• Task goal:
Give back exactly the lines of the entries below from the line with "21dealer Casino Mobile Version" to the line with "2012 NISSAN NAVARA", inclusive, and only those.

• Recorded data:
....

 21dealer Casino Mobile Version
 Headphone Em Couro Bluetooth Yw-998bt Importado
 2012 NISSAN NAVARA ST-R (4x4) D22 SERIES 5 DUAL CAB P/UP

....

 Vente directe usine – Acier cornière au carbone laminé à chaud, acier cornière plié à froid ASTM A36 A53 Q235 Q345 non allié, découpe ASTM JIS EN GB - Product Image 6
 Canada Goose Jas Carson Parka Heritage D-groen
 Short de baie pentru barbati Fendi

....

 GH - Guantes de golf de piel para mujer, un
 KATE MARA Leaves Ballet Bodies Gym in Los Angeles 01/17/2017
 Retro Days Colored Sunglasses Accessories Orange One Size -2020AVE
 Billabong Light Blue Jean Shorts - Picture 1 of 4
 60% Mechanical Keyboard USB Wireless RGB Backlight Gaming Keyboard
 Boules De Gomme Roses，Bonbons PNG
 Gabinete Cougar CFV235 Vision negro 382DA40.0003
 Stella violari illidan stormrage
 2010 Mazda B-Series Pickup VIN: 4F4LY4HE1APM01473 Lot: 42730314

....

• Output for this exercise:
 21dealer Casino Mobile Version
 Headphone Em Couro Bluetooth Yw-998bt Importado
 2012 NISSAN NAVARA ST-R (4x4) D22 SERIES 5 DUAL CAB P/UP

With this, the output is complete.